Avoiding blockages at home
Blocked drains can be very unpleasant to deal with. However, there are simple steps you can take to avoid blockages in your home.
There are a few different reasons why blockages occur, but they’re most often caused by items such as wet wipes and sanitary products that are flushed down the toilet, or by leftover cooking fats and oils poured down the kitchen sink. These items stick together and over time they build up and block pipes and drains.
Follow these top tips to help keep your drains flowing free and easy.
Top tips for the kitchen
We have some simple ways you can prevent blockages to keep your pipes clear and wastewater flowing freely.
- Scrape pots, pans and plates before washing up
- Use a strainer in your kitchen sink
- Use kitchen roll to wipe grease from your pans, plates and air fryers.
- Collect used oil in a container and throw it in the bin
Top tips for the bathroom
Changing some of your bathroom habits, will help keep your toilet in tip tap shape and your shower’s stress free:
- Only ever flush the 3P’s: pee, poo and (toilet) paper
- Bag sanitary towels, tampons and colostomy bags then bin them
- Bin wipes to avoid blocked drains, even the ones that are labelled “flushable”.
- Use a bin for nappies, razors, cotton buds and dental floss
Please note: Never get rid of paint or medicine by pouring them down the drain or flushing them down the loo. Medicine can be taken to a pharmacy for safe disposal. Items like paint can be taken to a hazardous waste disposal centre. The nearest waste disposal centre for Cheltenham is Wingmoor Farm household recycling centre, half mile west of Bishops Cleeve on the road to Stoke Orchard, Bishops Cleeve, Nr Cheltenham, GL52 7RS.
Important things to watch out for
Flushing un-flushable items down the toilet or pouring the wrong thing down the sink causes blockages which are messy, unpleasant and can cause sewage to flow back inside your home. It can be upsetting for you and your loved ones and it’s also costly to fix. Here are some important watchouts.
Wet wipes
Wet wipes, baby wipes, cleaning wipes, make up wipes, toilet wipes – they’re all handy!
We use them around our house to clean surfaces, to wipe sticky faces and hands and keep babies bottoms clean and fresh – but not all wet wipes break down or dissolve like toilet paper when flushed, even if they are labelled as flushable.
Bag and bin un-flushable wipes
Only wet wipes with the 'Fine 2 Flush' mark on their packaging can be safely flushed down the loo.

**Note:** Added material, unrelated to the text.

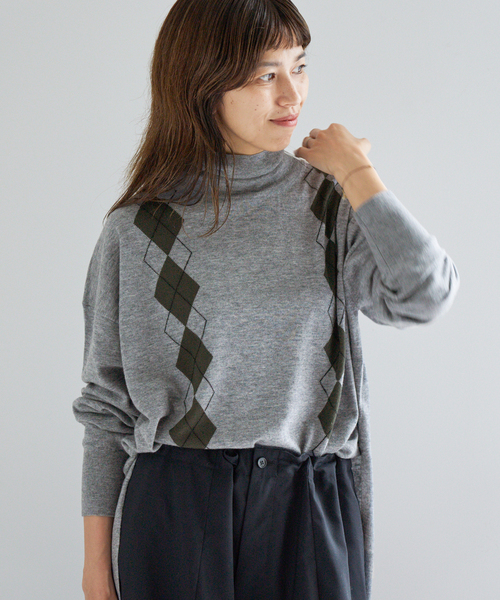 IENA（イエナ） ニット セーター ライトウールアーガイルニット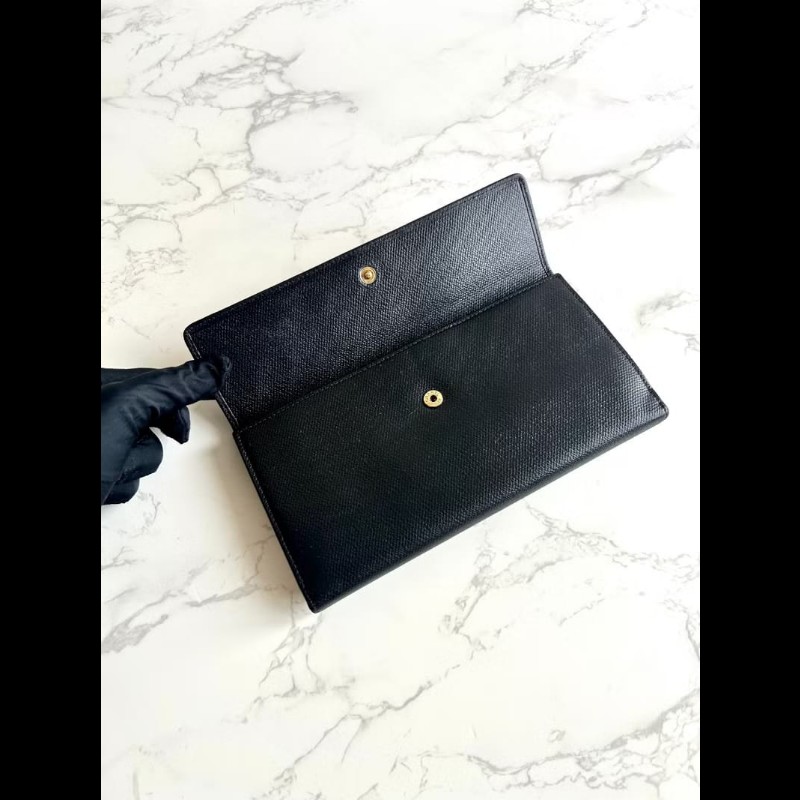 【LA LUNE】中古包 Chanel黑藍色皮革拼色長夾 皮夾 錢包 二手包 小包 古董包-6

No sign of the symbol? Then don’t flush them – bin them.
These have been tested to confirm they don’t contain plastic, classing them as moist toilet tissues that will break down in the sewer system.
Ever heard of a fatberg?
All the food waste, leftover cooking oil and fat congeals with flushed sanitary products, wipes and other items to form a solid mass known as a fatberg.
Each time more un-flushable items enter the sewer, they stick to the fatberg and the blockage grows.
Fatbergs prevent your wastewater flowing though the sewer. It has nowhere to go and if left like this, dirty water can end up flooding your home and the homes of your neighbours. This is also harmful to the local environment.